- _Data section_

*** Block opens ***

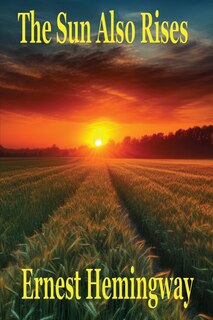 Front cover_The Sun Also Rises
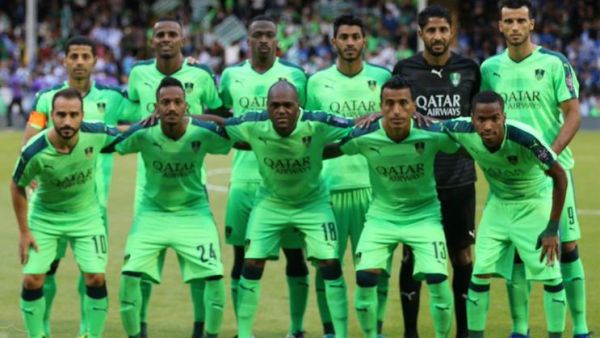 فريق الأهلي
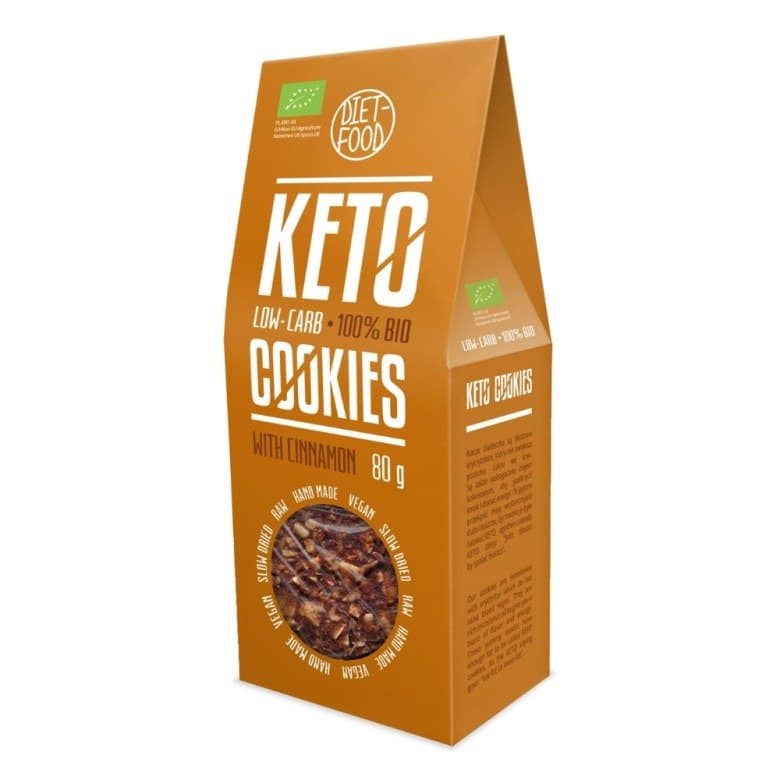Diet-food - Keto Cookies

*** Block closes ***

Set down the material above exactly as written, but not the pictures.

 Front cover_The Sun Also Rises
 فريق الأهلي
Diet-food - Keto Cookies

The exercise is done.